**Recorded data:**
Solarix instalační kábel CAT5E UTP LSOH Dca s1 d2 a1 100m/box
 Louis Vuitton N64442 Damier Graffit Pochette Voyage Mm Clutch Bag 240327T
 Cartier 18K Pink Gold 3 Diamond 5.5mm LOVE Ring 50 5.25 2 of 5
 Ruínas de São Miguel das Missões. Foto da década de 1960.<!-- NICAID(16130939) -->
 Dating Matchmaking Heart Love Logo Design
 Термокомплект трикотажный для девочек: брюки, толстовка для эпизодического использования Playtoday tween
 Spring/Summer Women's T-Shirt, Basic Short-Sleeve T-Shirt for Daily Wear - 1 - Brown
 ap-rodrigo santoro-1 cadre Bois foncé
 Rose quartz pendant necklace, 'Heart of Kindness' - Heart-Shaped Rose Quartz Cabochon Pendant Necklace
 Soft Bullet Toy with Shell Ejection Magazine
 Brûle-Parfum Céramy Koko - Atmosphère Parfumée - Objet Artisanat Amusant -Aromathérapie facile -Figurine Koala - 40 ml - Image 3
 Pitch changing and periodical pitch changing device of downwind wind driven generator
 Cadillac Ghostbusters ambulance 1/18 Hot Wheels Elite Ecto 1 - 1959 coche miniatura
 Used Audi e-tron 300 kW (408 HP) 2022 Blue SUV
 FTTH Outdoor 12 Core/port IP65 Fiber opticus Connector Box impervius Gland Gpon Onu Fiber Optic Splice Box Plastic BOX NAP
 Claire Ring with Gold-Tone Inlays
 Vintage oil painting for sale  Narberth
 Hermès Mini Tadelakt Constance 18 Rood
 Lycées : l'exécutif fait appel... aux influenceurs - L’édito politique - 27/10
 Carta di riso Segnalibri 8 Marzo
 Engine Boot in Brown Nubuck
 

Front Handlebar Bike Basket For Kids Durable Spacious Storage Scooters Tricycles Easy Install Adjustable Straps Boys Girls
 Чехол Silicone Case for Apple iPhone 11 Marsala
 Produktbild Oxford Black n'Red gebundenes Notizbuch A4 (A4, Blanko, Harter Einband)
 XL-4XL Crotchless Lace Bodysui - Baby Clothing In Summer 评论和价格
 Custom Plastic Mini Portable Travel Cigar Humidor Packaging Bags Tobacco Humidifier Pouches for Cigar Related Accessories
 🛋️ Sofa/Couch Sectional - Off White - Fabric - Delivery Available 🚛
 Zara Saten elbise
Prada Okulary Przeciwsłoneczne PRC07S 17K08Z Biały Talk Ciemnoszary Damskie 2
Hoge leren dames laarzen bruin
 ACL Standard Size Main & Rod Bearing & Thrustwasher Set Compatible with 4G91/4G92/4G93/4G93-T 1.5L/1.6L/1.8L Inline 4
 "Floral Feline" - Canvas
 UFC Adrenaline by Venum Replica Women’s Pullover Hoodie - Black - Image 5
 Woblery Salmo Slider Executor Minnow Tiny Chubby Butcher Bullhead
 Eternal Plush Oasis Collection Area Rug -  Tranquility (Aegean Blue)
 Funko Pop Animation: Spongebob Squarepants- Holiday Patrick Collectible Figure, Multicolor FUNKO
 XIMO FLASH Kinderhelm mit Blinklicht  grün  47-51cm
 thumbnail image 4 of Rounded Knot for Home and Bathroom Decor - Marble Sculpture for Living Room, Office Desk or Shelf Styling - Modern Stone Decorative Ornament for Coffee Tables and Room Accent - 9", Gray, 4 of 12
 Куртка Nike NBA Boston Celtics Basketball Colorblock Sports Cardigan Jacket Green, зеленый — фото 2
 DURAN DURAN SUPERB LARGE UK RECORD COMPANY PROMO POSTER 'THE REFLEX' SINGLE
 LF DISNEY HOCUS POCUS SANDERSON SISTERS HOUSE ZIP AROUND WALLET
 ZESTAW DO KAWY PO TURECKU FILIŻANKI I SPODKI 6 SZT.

**Exercise brief:**
Each record above is to be reproduced word for word.

**Solution to this task:**
Solarix instalační kábel CAT5E UTP LSOH Dca s1 d2 a1 100m/box
 Louis Vuitton N64442 Damier Graffit Pochette Voyage Mm Clutch Bag 240327T
 Cartier 18K Pink Gold 3 Diamond 5.5mm LOVE Ring 50 5.25 2 of 5
 Ruínas de São Miguel das Missões. Foto da década de 1960.<!-- NICAID(16130939) -->
 Dating Matchmaking Heart Love Logo Design
 Термокомплект трикотажный для девочек: брюки, толстовка для эпизодического использования Playtoday tween
 Spring/Summer Women's T-Shirt, Basic Short-Sleeve T-Shirt for Daily Wear - 1 - Brown
 ap-rodrigo santoro-1 cadre Bois foncé
 Rose quartz pendant necklace, 'Heart of Kindness' - Heart-Shaped Rose Quartz Cabochon Pendant Necklace
 Soft Bullet Toy with Shell Ejection Magazine
 Brûle-Parfum Céramy Koko - Atmosphère Parfumée - Objet Artisanat Amusant -Aromathérapie facile -Figurine Koala - 40 ml - Image 3
 Pitch changing and periodical pitch changing device of downwind wind driven generator
 Cadillac Ghostbusters ambulance 1/18 Hot Wheels Elite Ecto 1 - 1959 coche miniatura
 Used Audi e-tron 300 kW (408 HP) 2022 Blue SUV
 FTTH Outdoor 12 Core/port IP65 Fiber opticus Connector Box impervius Gland Gpon Onu Fiber Optic Splice Box Plastic BOX NAP
 Claire Ring with Gold-Tone Inlays
 Vintage oil painting for sale  Narberth
 Hermès Mini Tadelakt Constance 18 Rood
 Lycées : l'exécutif fait appel... aux influenceurs - L’édito politique - 27/10
 Carta di riso Segnalibri 8 Marzo
 Engine Boot in Brown Nubuck
 

Front Handlebar Bike Basket For Kids Durable Spacious Storage Scooters Tricycles Easy Install Adjustable Straps Boys Girls
 Чехол Silicone Case for Apple iPhone 11 Marsala
 Produktbild Oxford Black n'Red gebundenes Notizbuch A4 (A4, Blanko, Harter Einband)
 XL-4XL Crotchless Lace Bodysui - Baby Clothing In Summer 评论和价格
 Custom Plastic Mini Portable Travel Cigar Humidor Packaging Bags Tobacco Humidifier Pouches for Cigar Related Accessories
 🛋️ Sofa/Couch Sectional - Off White - Fabric - Delivery Available 🚛
 Zara Saten elbise
Prada Okulary Przeciwsłoneczne PRC07S 17K08Z Biały Talk Ciemnoszary Damskie 2
Hoge leren dames laarzen bruin
 ACL Standard Size Main & Rod Bearing & Thrustwasher Set Compatible with 4G91/4G92/4G93/4G93-T 1.5L/1.6L/1.8L Inline 4
 "Floral Feline" - Canvas
 UFC Adrenaline by Venum Replica Women’s Pullover Hoodie - Black - Image 5
 Woblery Salmo Slider Executor Minnow Tiny Chubby Butcher Bullhead
 Eternal Plush Oasis Collection Area Rug -  Tranquility (Aegean Blue)
 Funko Pop Animation: Spongebob Squarepants- Holiday Patrick Collectible Figure, Multicolor FUNKO
 XIMO FLASH Kinderhelm mit Blinklicht  grün  47-51cm
 thumbnail image 4 of Rounded Knot for Home and Bathroom Decor - Marble Sculpture for Living Room, Office Desk or Shelf Styling - Modern Stone Decorative Ornament for Coffee Tables and Room Accent - 9", Gray, 4 of 12
 Куртка Nike NBA Boston Celtics Basketball Colorblock Sports Cardigan Jacket Green, зеленый — фото 2
 DURAN DURAN SUPERB LARGE UK RECORD COMPANY PROMO POSTER 'THE REFLEX' SINGLE
 LF DISNEY HOCUS POCUS SANDERSON SISTERS HOUSE ZIP AROUND WALLET
 ZESTAW DO KAWY PO TURECKU FILIŻANKI I SPODKI 6 SZT.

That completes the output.